My current read is that the first serious prototype on this broker surface would probably look boring on purpose: a small basket of liquid spot pairs, decisions every few hours rather than every few seconds, conservative cost assumptions, a benchmark that is difficult to embarrass, and a rule that the paper system has to stay alive when the execution assumptions are made intentionally harsher. Only after that would I care much whether the forecaster is a tabular model, a temporal convolution, a patch-based transformer, or something fancier.
Why paper results lie politely
One subtle trap in this space is that paper systems usually fail in flattering ways. They fail by hiding the exact frictions that turn a forecast into a trade. The backtest gets the midprice. The paper account gets the best current quote. The fill arrives without signaling your intent to anyone. The partial fill logic is simplified.

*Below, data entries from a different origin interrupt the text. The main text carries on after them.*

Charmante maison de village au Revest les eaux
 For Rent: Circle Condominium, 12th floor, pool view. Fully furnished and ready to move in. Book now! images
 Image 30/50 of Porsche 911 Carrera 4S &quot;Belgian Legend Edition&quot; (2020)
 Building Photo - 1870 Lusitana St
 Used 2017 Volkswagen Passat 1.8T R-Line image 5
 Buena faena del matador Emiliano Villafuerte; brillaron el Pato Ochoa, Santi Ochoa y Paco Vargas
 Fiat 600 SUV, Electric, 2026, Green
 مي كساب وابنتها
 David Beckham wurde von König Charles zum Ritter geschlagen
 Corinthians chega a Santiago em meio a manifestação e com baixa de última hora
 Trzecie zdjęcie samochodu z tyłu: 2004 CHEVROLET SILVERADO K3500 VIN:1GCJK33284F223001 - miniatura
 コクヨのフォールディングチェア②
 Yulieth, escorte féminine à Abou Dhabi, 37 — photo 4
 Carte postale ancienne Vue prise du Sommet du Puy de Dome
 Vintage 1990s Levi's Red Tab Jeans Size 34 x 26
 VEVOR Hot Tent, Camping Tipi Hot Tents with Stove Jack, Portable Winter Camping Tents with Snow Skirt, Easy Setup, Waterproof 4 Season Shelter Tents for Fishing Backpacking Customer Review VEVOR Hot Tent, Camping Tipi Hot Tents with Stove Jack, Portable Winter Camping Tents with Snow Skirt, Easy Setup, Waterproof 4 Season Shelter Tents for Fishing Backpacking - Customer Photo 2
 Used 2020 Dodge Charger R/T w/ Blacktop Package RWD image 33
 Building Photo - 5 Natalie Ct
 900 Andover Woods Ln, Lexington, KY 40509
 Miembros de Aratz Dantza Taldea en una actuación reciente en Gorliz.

The queue behaves more kindly than an exchange would. Then someone concludes that the AI model worked when what really happened is that the execution model was imaginary.
I do not think that means paper trading is useless. It means paper trading answers a narrower question than people want it to answer. It is good for workflow, instrumentation, order-state handling, and sanity checks. It is not proof that the economic loop closes. If I were evaluating an early system, I would treat paper trading as an infrastructure test and treat any live micro-allocation phase, if it ever got that far, as a measurement phase for degradation rather than a victory lap for the forecast.
So which model comes first?
If I had to answer my own question provisionally, I would say the trading model comes first, or at least the AI model is not separable from it for very long. The forecast model matters, but only inside a structure that already answers some prior questions: what horizon is tradable, what costs are survivable, what fills are believable, what concentration is acceptable, and what conditions shut the system down.
That is the bigger reason this topic interests me. It sounds like a trading question, but it behaves like a systems question. The easy mistake is to search for intelligence first. The harder and more useful move is to define the environment that intelligence has to survive.
What still feels unresolved
I do not think this fully settles the architecture question. There may be broker surfaces, data advantages, or execution contexts where the AI model really is the main bottleneck. There may also be narrow places where an RL policy earns its keep earlier than I expect. But for the specific problem that prompted this draft, AI-shaped crypto trading through a broker with visible fees, constrained order types, and imperfect paper simulation, the ambiguity around the word model was the real first bug.
Once I noticed that, the problem got smaller, more honest, and much more interesting.